**REQUIRED ACTION**
A word-for-word copy of the data, pictures excluded, is what this task asks for.

++++ DATA BELOW ++++

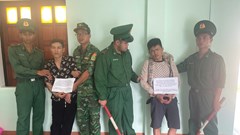 Bắt giữ 2 đối tượng mua bán, tàng trữ ma tuý cùng vũ khí nguy hiểm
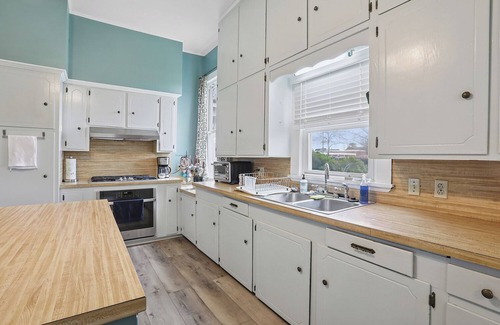 New Roads House | Quaint house in the Historic town of New Roads. Close to everything!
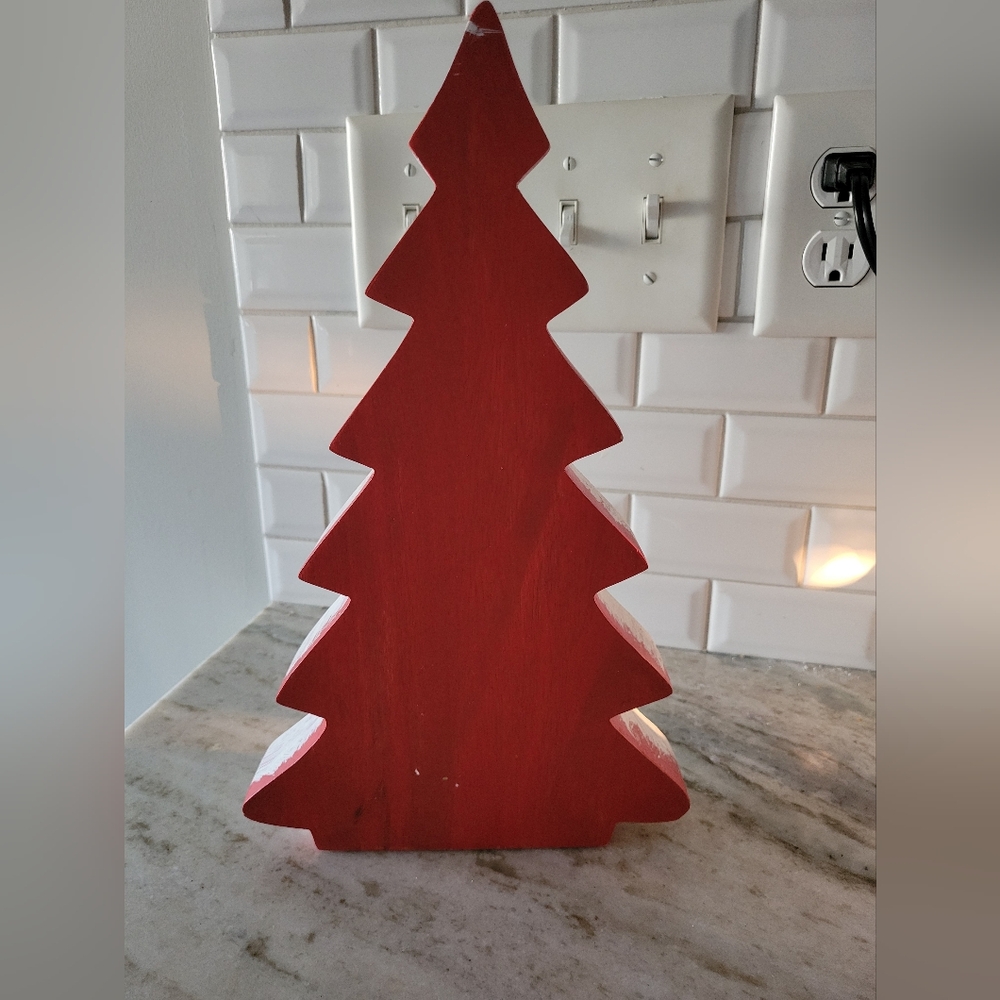 Red Wooden Holiday Tree Decoration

++++

**OUTPUT OF THE EXERCISE**
 Bắt giữ 2 đối tượng mua bán, tàng trữ ma tuý cùng vũ khí nguy hiểm
 New Roads House | Quaint house in the Historic town of New Roads. Close to everything!
 Red Wooden Holiday Tree Decoration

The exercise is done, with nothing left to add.